**PROBLEM TO WORK ON:**
Transcribe the whole listing below. Pictures do not go in the copy.

[PROVIDED ENTRIES — start]

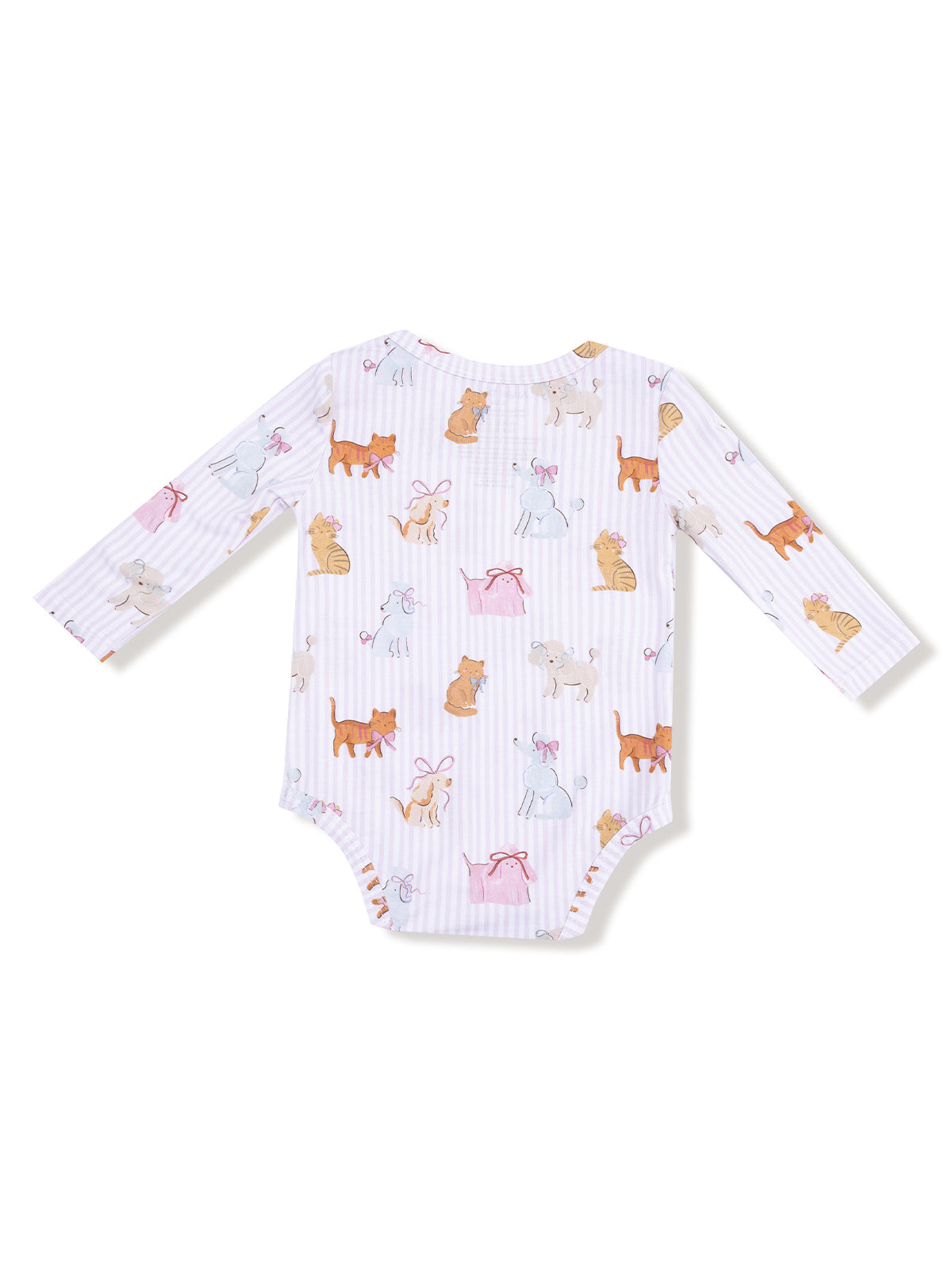 Baby onesie with long sleeves, featuring a playful print of various animals on a light striped background.
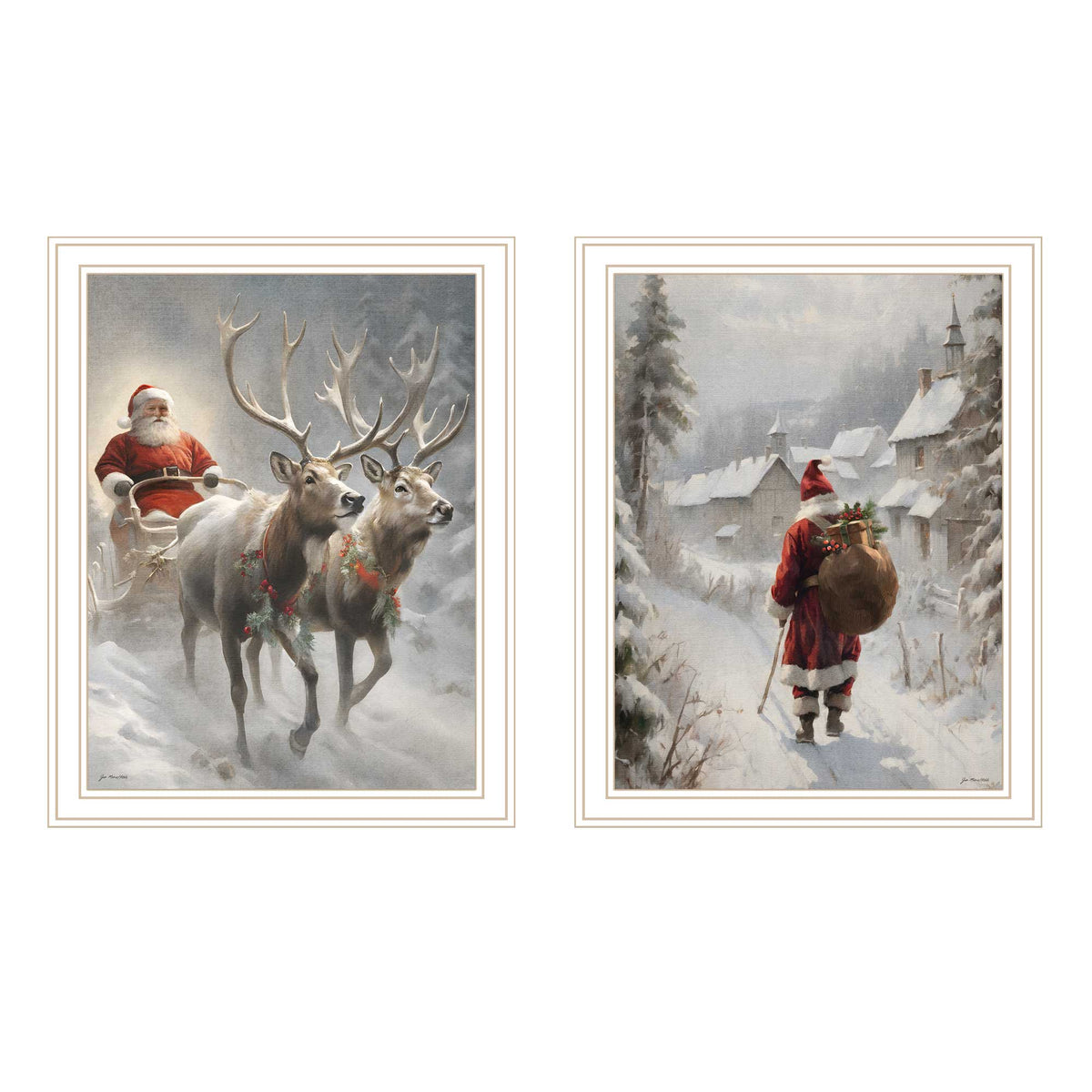 2 Piece Vignette On The Eve Of Christmas White Framed Wall Art For Living Room, Holiday Wall Art Print For Home Decor, Bedroom Wall Art By Jo Moulton Multicolor Wood Paper
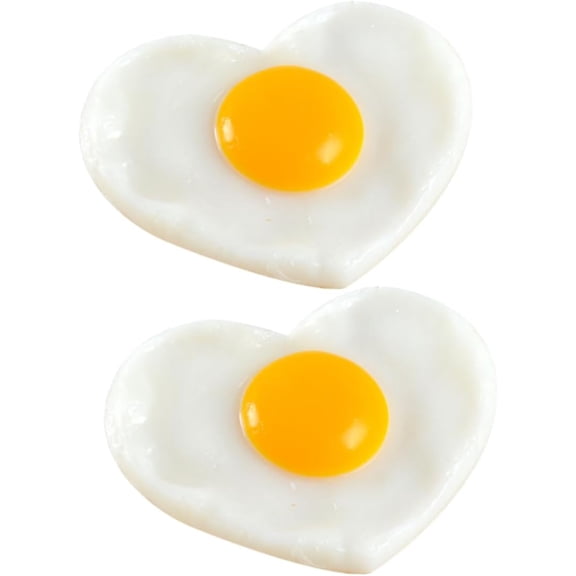 2Pcs Realistic Simulation Fried Egg Decor Models Fake Fried Eggs for Home Decoration Photo Props and Fun Playthings Bright Color Design
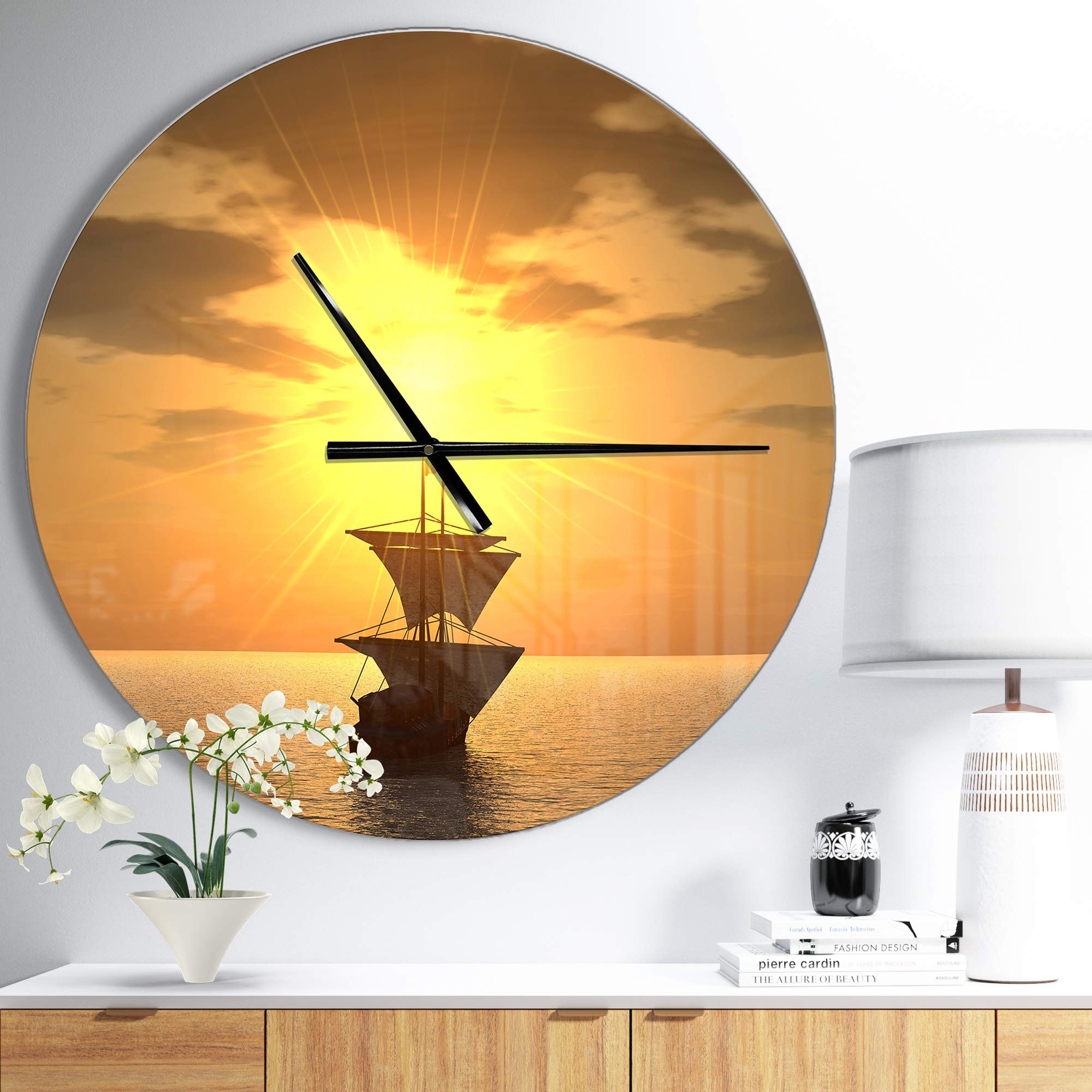 Designart Ship and Sunset Wall Art - Modern Round Metal Wall Clock for Home, Living Room, Bedroom & Office Decor | Contemporary Circle Wall Decoration | Perfect for Coastal, Nautical & Sunset Themed Interiors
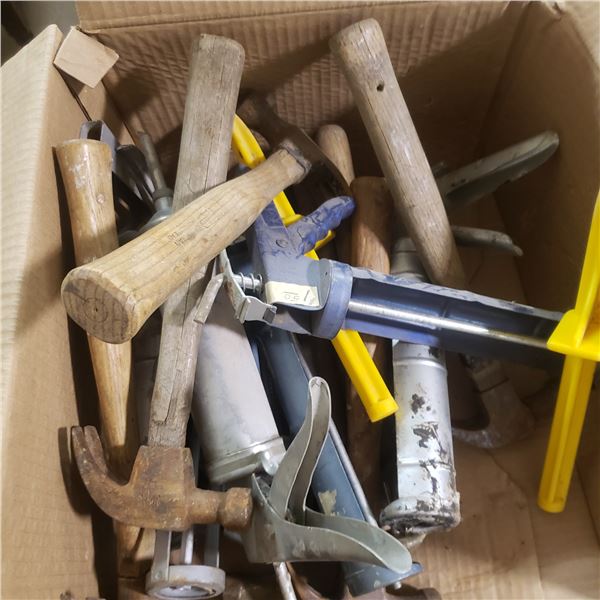 huge lot of old hammers and a few caulking guns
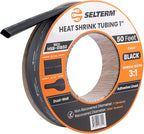 SELTERM 1" Black [50 Feet] Marine Grade Heat Shrink Tubing Roll, 3:1 Ratio Dual Wall Adhesive Lined Waterproof Heat Shrink Wrap Tube, for Battery Cable Lugs Wire Terminals Connectors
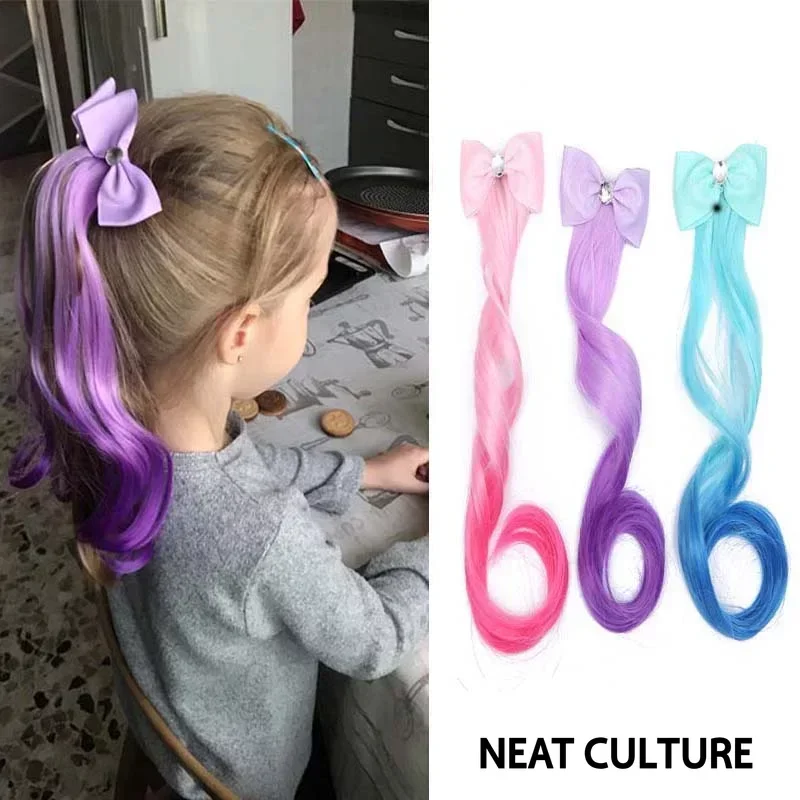 Cute Children Gradient Bow Hair Clips copricapo coda di cavallo corde per capelli neonate nuova parrucca colorata Pigtail elastico per bambini copricapo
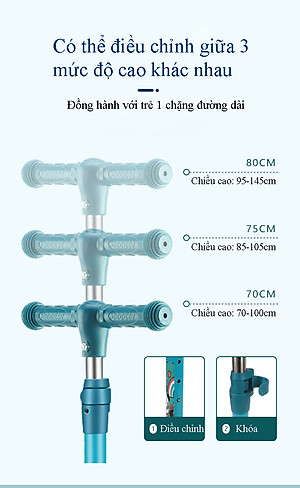 Xe Trượt Scooter Trẻ Em Có Ghế Gấp Gọn 3 Bánh Phát Sáng, Có Nhạc Và Đèn Báo, Dành Cho Bé Từ 2-12 Tuổi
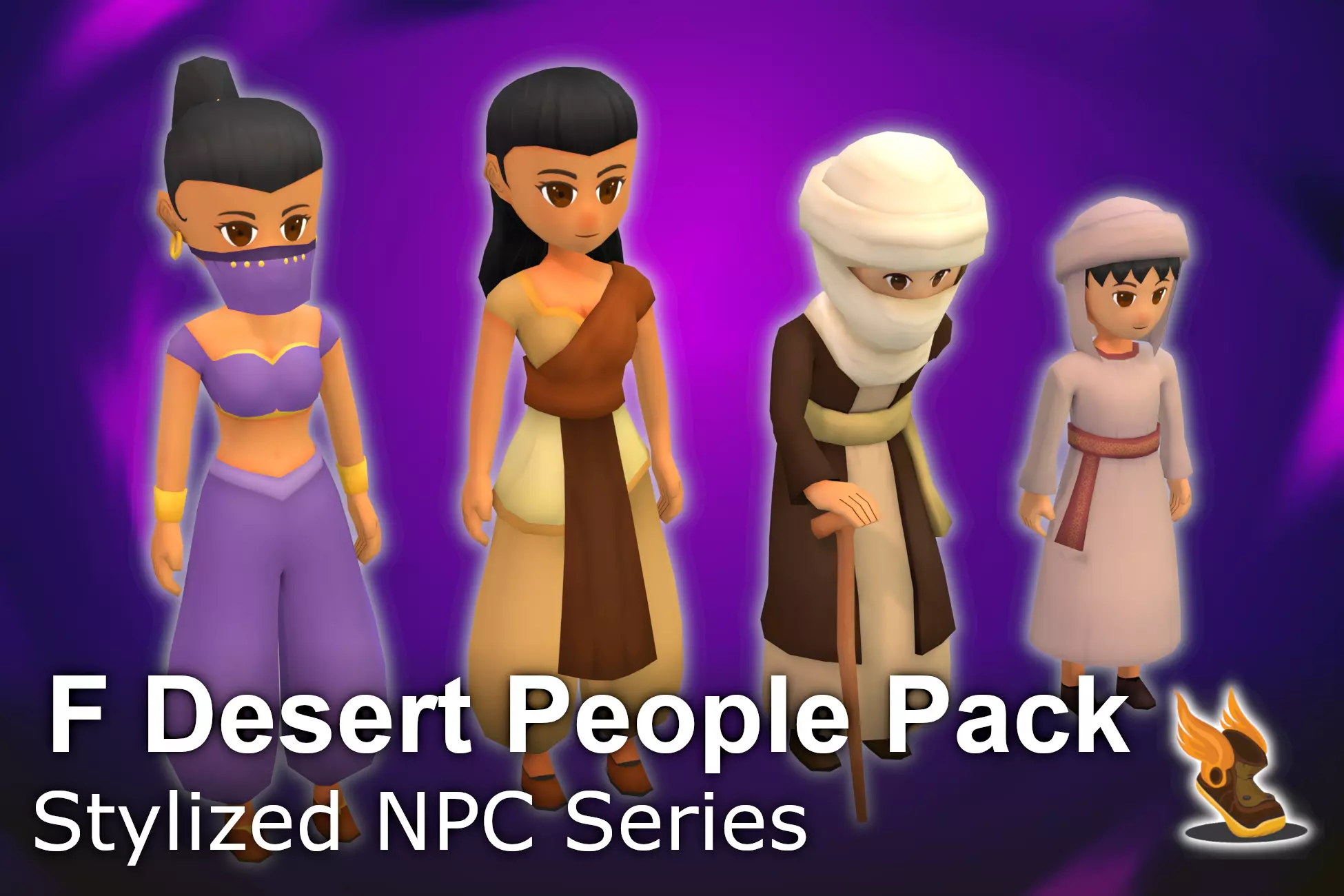 Stylized NPC - F Desert People Pack 3D Model Collection_0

[PROVIDED ENTRIES — finish]

**WRITTEN RESPONSE:**
 Baby onesie with long sleeves, featuring a playful print of various animals on a light striped background.
 2 Piece Vignette On The Eve Of Christmas White Framed Wall Art For Living Room, Holiday Wall Art Print For Home Decor, Bedroom Wall Art By Jo Moulton Multicolor Wood Paper
 2Pcs Realistic Simulation Fried Egg Decor Models Fake Fried Eggs for Home Decoration Photo Props and Fun Playthings Bright Color Design
 Designart Ship and Sunset Wall Art - Modern Round Metal Wall Clock for Home, Living Room, Bedroom & Office Decor | Contemporary Circle Wall Decoration | Perfect for Coastal, Nautical & Sunset Themed Interiors
 huge lot of old hammers and a few caulking guns
 SELTERM 1" Black [50 Feet] Marine Grade Heat Shrink Tubing Roll, 3:1 Ratio Dual Wall Adhesive Lined Waterproof Heat Shrink Wrap Tube, for Battery Cable Lugs Wire Terminals Connectors
 Cute Children Gradient Bow Hair Clips copricapo coda di cavallo corde per capelli neonate nuova parrucca colorata Pigtail elastico per bambini copricapo
 Xe Trượt Scooter Trẻ Em Có Ghế Gấp Gọn 3 Bánh Phát Sáng, Có Nhạc Và Đèn Báo, Dành Cho Bé Từ 2-12 Tuổi
 Stylized NPC - F Desert People Pack 3D Model Collection_0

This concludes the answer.